Processing Observed Data in Parallel¶
This fairly complex examples takes an ASDF file and produces two new data sets, each processed in a different frequency band.
It can be run with MPI. It scales fairly well and will utilize parallel I/O if your machine supports it. Please keep in mind that there is a significant start-up cost for Python on each core (special Python versions that get around that if really necessary are in existence) so don’t use too many cores.
$ mpirun -n 64 python process_observed.py
If you don’t run it with MPI with will utilize Python’s multiprocessing
module and run it on each of the machines cores. I/O is not parallel and
uses a round-robin scheme where only one core writes at single point in time.
$ python process_observed.py
1import obspy
2from obspy.core.util.geodetics import gps2DistAzimuth
3import numpy as np
4
5from pyasdf import ASDFDataSet
6
7ds = ASDFDataSet("./observed.h5")
8
9event = ds.events[0]
10
11origin = event.preferred_origin() or event.origins[0]
12event_latitude = origin.latitude
13event_longitude = origin.longitude
14
15# Figure out these parameters somehonw!

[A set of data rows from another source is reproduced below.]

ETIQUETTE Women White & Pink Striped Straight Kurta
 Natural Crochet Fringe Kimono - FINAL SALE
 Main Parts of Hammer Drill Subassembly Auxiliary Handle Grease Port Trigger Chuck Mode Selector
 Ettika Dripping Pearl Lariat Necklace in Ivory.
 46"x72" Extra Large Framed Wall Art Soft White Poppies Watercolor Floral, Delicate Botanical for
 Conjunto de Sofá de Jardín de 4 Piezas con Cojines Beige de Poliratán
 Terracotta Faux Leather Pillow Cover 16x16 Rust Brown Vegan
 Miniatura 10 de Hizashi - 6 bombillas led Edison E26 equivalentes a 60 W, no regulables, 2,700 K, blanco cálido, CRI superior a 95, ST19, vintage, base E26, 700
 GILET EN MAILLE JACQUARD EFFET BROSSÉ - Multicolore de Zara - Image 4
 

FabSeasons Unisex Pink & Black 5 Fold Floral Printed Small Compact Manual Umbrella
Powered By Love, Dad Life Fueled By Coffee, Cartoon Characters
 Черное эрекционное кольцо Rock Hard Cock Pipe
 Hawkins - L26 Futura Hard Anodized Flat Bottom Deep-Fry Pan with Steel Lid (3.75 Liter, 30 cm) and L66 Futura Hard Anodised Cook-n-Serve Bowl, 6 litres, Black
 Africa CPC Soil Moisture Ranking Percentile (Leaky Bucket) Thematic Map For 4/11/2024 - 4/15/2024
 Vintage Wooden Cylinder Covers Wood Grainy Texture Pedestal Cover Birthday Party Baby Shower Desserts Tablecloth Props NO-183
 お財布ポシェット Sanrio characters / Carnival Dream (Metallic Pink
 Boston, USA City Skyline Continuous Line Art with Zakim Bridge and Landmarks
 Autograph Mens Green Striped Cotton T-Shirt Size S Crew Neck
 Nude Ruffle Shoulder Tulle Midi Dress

16starttime = obspy.UTCDateTime("2010-03-11T06:22:19.021324Z")
17npts = 5708
18sampling_rate = 1.0
19
20
21# Loop over both period sets. This will result in two files. It could also be
22# saved to the same file.
23for min_period, max_period in [(27.0, 60.0)]:
24 f2 = 1.0 / max_period
25 f3 = 1.0 / min_period
26 f1 = 0.8 * f2
27 f4 = 1.2 * f3
28 pre_filt = (f1, f2, f3, f4)
29
30 def process_function(st, inv):
31 st.detrend("linear")
32 st.detrend("demean")
33 st.taper(max_percentage=0.05, type="hann")
34
35 st.attach_response(inv)
36 st.remove_response(
37 output="DISP", pre_filt=pre_filt, zero_mean=False, taper=False
38 )
39
40 st.detrend("linear")
41 st.detrend("demean")
42 st.taper(max_percentage=0.05, type="hann")
43
44 st.interpolate(
45 sampling_rate=sampling_rate, starttime=starttime, npts=npts
46 )
47
48 station_latitude = inv[0][0].latitude
49 station_longitude = inv[0][0].longitude
50 _, baz, _ = gps2DistAzimuth(
51 station_latitude,
52 station_longitude,
53 event_latitude,
54 event_longitude,
55 )
56
57 components = [tr.stats.channel[-1] for tr in st]
58 if "N" in components and "E" in components:
59 st.rotate(method="NE->RT", back_azimuth=baz)
60
61 # Convert to single precision to save space.
62 for tr in st:
63 tr.data = np.require(tr.data, dtype="float32")
64
65 return st
66
67 tag_name = "preprocessed_%is_to_%is" % (int(min_period), int(max_period))
68
69 tag_map = {"raw_recording": tag_name}
70
71 ds.process(process_function, tag_name + ".h5", tag_map=tag_map)
72
73# Important when running with MPI as it might otherwise not be able to finish.
74del ds